Alexis Dent is a poet, essayist, and the original White Collar Dropout. Her first poetry collection, Everything I Left Behind, is out now. Read her newsletter for dreamers, doers, and hustlers by joining the White Collar Dropout collective. 

Image via Unsplash

  • Summer

    This is a great and unique example of how credit cards really can be so beneficial. I also pay for as much as I can with mine to rack up points, because it’s literally FREE MONEY [as long as I make sure I never carry a balance and thus never have to pay any interest or fees—super important].

    • Alexis Dent

      Exactly, Summer! I never carry a balance on my cards and that’s exactly how I scored my dress! I always say the same thing: FREE MONEY!!!!! As long as you’re responsible 😉

    • Tara

      In the two years I’ve had my travel card I’ve saved $1,000 on plane tickets. I got one roundtrip to California entirely for free and have gotten to take hundreds of dollars off of two other international flights. If you’re going to spend the money anyway, might as well make it count!

  • Shae

    I practice this as well. But that being said the title is EXTREMELY misleading. I was expecting maybe some tips on second hand shopping or when items might be on sale.

    What this story is describing is how she generated additional income, and used that income to PAY for an item.

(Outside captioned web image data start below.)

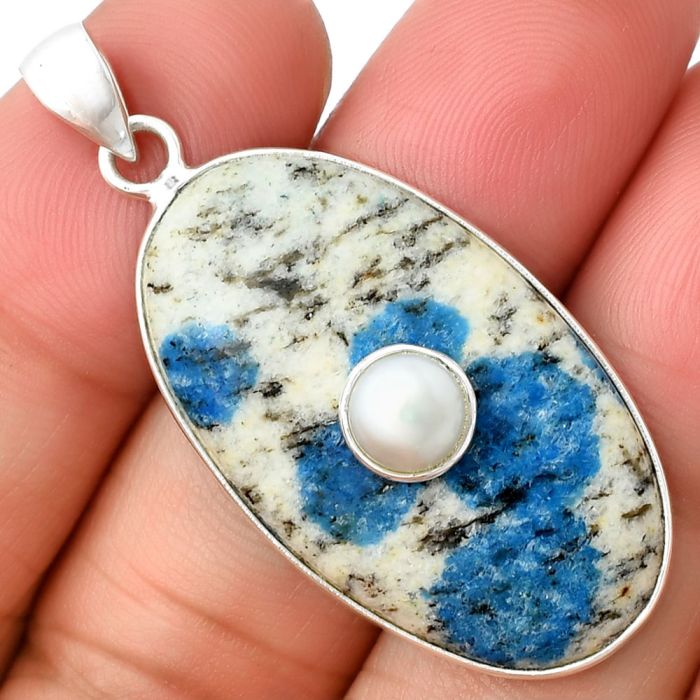 K2 Blue - Azurite In Quartz and Pearl Pendant SDP137808 P-1323, 19x34 mm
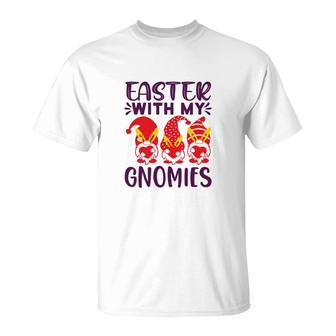 Easter With My Gnomies Red Gnomies Heart T-shirt - Thegiftio UK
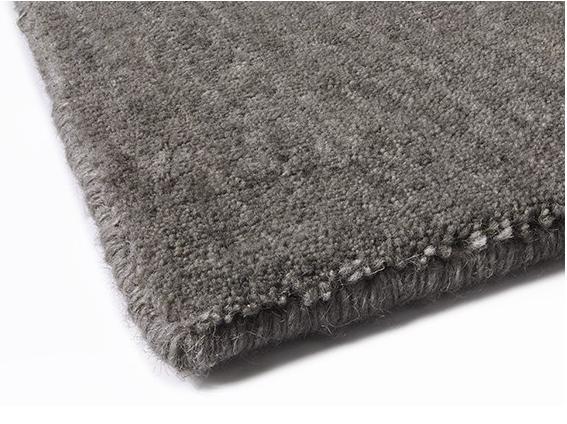 Plain Hand Woven Wool Tortora Rug ☞ Size: 5' 3" x 7' 7" (160 x 230 cm)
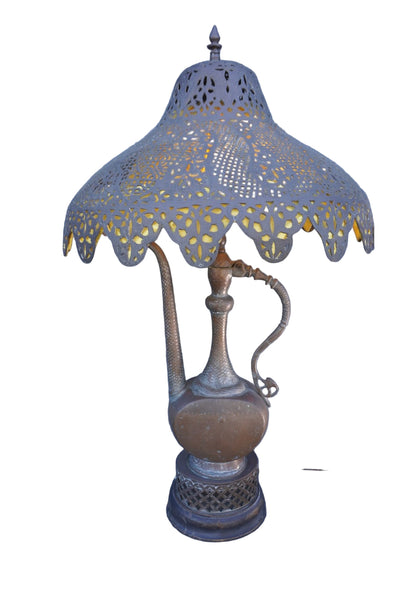 Brass Indo-Asian Lamp with Pierced Shade L834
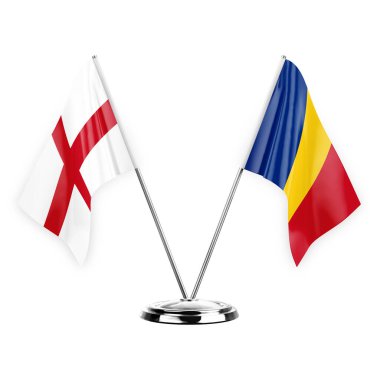 Two table flags isolated on white background 3d illustration, england and romania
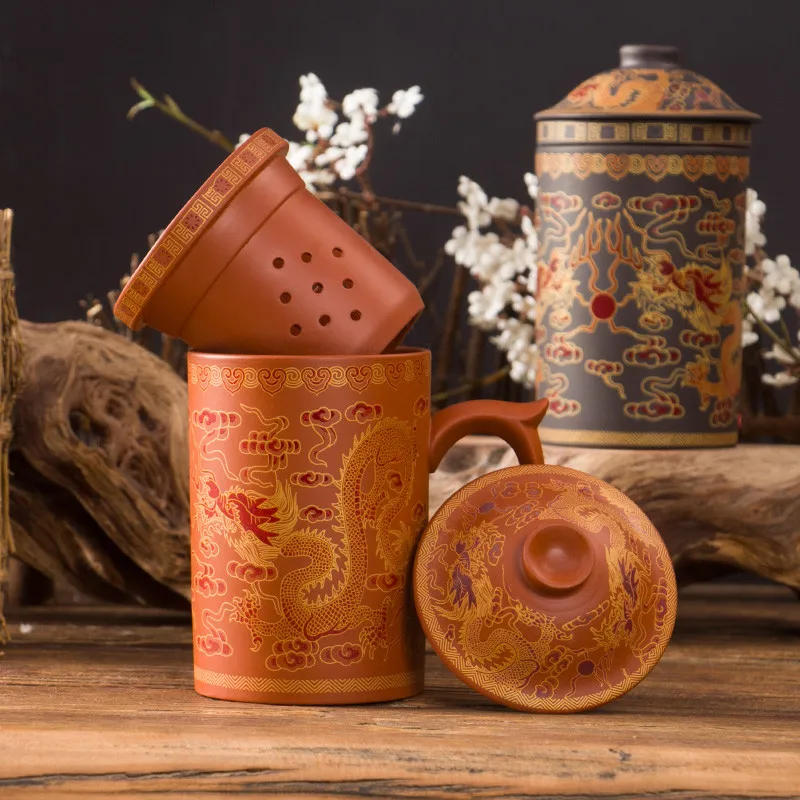 Retro Yixing Dragon Phenix Purple Clay Tea Mug with Lid and Infuser Handmade Ceramic Teacup Office Water Cup Gift Home Drinkware | Дом и сад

Not that the item was free, she still payed for it.

    • Holly Trantham

      I’m not sure I would categorize credit card points as “income.” Alexis has written explicitly about how she uses her credit cards for purchases she’d be making anyway — she’s not doing anything she wouldn’t be doing otherwise, like spending more money just to get more points.

      That being said, an article on second-hand wedding dress shopping is a great idea!

  • Lauren

    Girl, good for you for finding a way to make your dream dress affordable, that is awesome. But damn do you have to be so salty about that “sweetheart-neckline-strapless-trumpet-gown that literally every #basic bride wears”? 😉

    • Alexis Dent

      Haha just being honest! We all have our opinions re: what we do and don’t want to look like on our wedding day.

  • Court E. Thompson

    This speaks to me. I’m also a Hayley Paige acolyte (lace sleeves!) and I loved how you made it work for you! I’m taking copious notes.

  • Brittany Ayers

    Love how you talked about a great result of responsible credit card use. HATE how you basically dissed any woman as “basic” just because they buy a particular type of gown. Please get off your high horse and stick to financial talk if you can’t keep yourself from insulting fellow women. It’s fine that you don’t like the silhouette. It’s not fine that you have to insult anyone else who does.